▶ [EXERCISE DESCRIPTION]:
Find the word "Stockfoto" in the records below. List each line containing it.

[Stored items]
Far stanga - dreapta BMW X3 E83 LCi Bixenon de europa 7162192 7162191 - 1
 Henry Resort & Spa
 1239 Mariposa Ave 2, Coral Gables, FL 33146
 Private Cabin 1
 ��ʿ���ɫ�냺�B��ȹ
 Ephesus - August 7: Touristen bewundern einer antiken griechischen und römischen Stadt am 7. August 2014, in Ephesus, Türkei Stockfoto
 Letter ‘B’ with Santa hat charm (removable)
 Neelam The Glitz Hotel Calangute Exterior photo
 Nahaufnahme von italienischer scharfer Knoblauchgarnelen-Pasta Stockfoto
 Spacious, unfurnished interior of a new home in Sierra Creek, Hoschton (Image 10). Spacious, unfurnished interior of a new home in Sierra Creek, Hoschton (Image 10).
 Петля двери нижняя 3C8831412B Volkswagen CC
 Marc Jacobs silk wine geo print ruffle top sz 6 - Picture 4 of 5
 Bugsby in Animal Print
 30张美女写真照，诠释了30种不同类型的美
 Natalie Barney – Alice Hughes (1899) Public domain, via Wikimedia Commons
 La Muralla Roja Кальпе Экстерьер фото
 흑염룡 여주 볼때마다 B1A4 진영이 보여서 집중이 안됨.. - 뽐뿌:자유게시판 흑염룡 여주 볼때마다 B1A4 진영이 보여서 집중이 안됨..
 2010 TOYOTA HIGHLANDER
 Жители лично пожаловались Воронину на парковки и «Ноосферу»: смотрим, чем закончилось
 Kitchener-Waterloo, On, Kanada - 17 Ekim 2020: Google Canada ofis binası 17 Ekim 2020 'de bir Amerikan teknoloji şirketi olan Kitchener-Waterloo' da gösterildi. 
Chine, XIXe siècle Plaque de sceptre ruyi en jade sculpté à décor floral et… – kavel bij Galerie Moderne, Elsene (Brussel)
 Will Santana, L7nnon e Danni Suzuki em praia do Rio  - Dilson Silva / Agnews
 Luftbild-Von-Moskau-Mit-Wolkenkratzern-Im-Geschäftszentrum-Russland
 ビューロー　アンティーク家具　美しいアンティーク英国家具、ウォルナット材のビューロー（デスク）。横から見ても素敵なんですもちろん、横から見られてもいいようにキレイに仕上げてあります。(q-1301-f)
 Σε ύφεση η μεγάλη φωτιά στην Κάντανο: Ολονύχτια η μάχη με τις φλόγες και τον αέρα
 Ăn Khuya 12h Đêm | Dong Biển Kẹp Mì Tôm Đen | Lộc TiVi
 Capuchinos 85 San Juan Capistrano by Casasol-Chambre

▶ [REPLY]:
 Ephesus - August 7: Touristen bewundern einer antiken griechischen und römischen Stadt am 7. August 2014, in Ephesus, Türkei Stockfoto
 Nahaufnahme von italienischer scharfer Knoblauchgarnelen-Pasta Stockfoto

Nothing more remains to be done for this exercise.